In the latest Finsbury Growth & Income monthly update, Train (pictured) highlighted that Rathbones had been the largest absolute gainer over July rising 14%.
The Lindsell Train fund manager also listed Hargreaves Lansdown among a handful of stocks that were up over 5% during the month, alongside Sage, Remy Cointreau, Unilever and Fevertree.
In contrast, pub chain Fullers was down 23% and Burberry shares were down over 20%, he said.
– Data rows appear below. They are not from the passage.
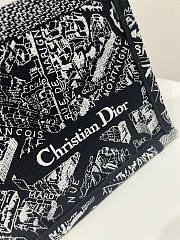 Dior Book Tote Black Plan de Paris Embroidery Bag - 6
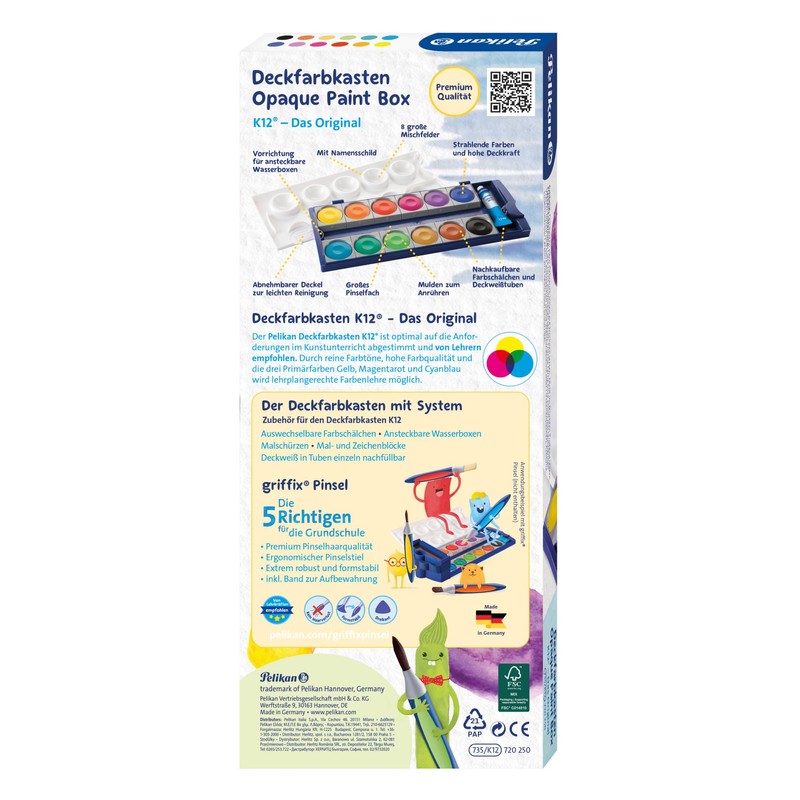 Pelikan Paint Set K12, 12 Water Colours and 1 Tube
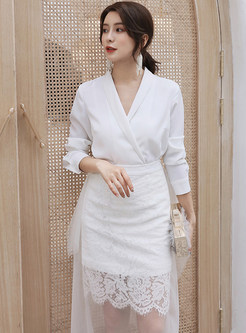 New Look V-Neck Lace Patch Irregular Womens Skirt Outfits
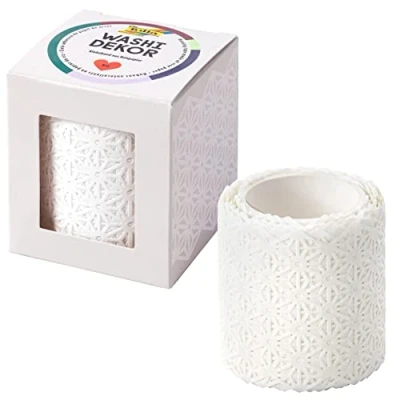 Image of folia White Flowers Washi Rice Paper Lace Trim Approx 5m Sticks to Many Surfaces Can Be Removed Without Residue for Decorating, 50mm x 5 m
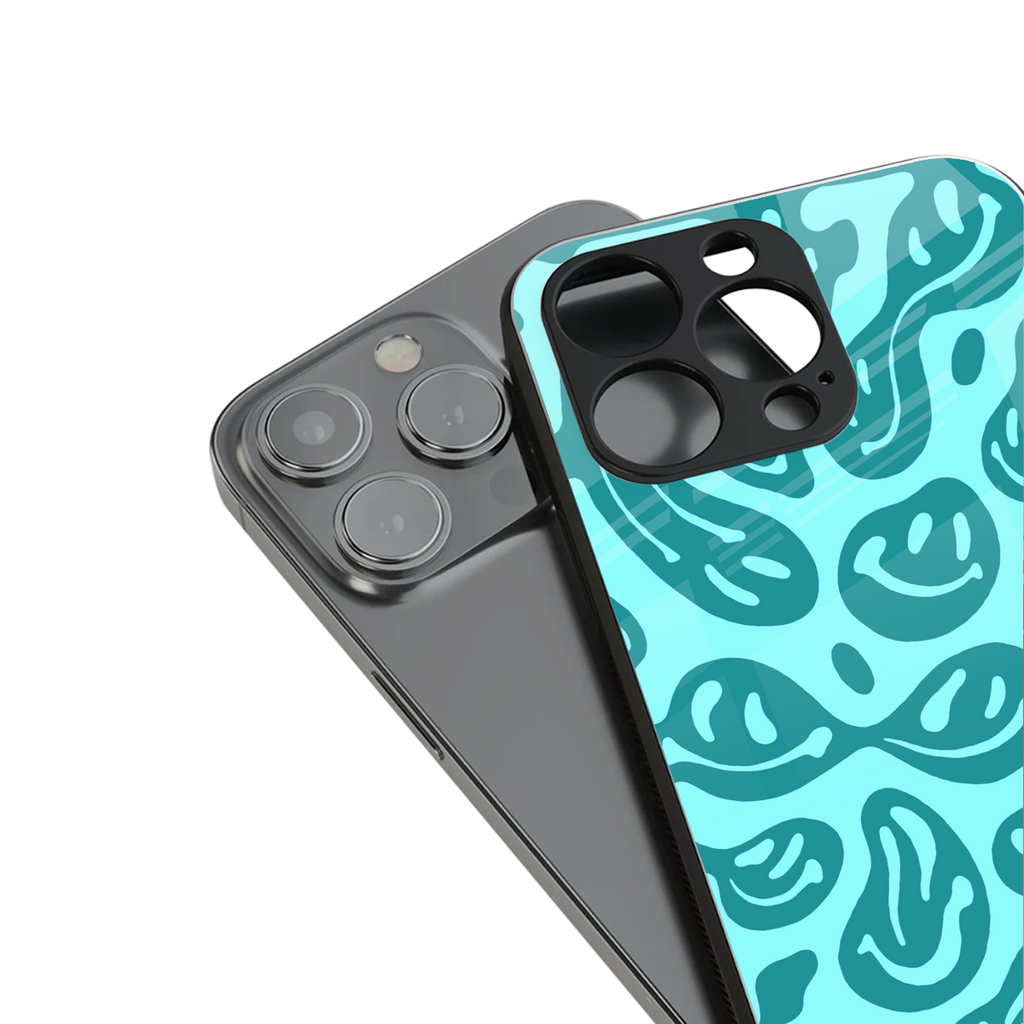 acid smiles turquoise edition back phone cover | glass case for iphone 15 pro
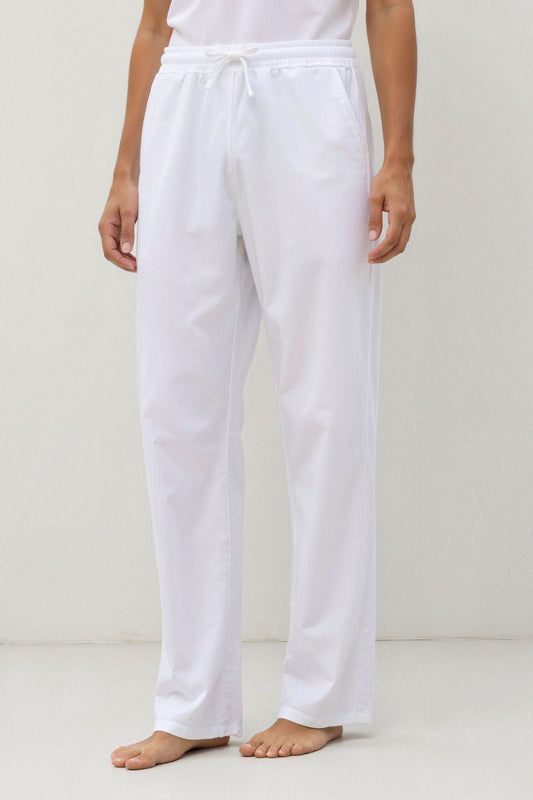 Pantalons à cordon en mélange de coton et de lin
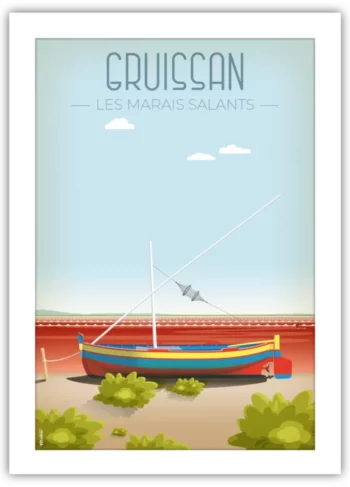Poster des Salins de Gruissan, illustration décorative prête à encadrer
The latter relies on “tourism, buzzing cities and consumer confidence”. “All in short supply – at least for now,” he said.
But the investment industry faces a different fortune, he added.
“On the flip side of that coin, we have seen analysis that points to a sharp uptick in the savings ratio in the UK, as consumers cut back on travel and out of home entertainment and instead save more of their income against what might turn out to be rainier days to come.
“It may be that what is bad for consumer spending may benefit those companies we own which are exposed to an increased propensity to consumer saving – Hargreaves, Rathbones and Schroders.”
The Office for Budget Responsibility has predicted that the savings ratio jumped to 30% during the height of the lockdown compared to 5% in February.
Both Schroders and Hargreaves Lansdown sit in the Finsbury Growth and Income trust’s top-10 representing 7.6% and 7.4% respectively.
Hargreaves Lansdown profits jumped 24% over the last year, according to its full-year results published in August, despite the Woodford Equity Income suspension tarnishing the platform’s reputation. It also topped the league table for platform net flows in Q2, bringing in an estimated £3.3bn, according to Fundscape.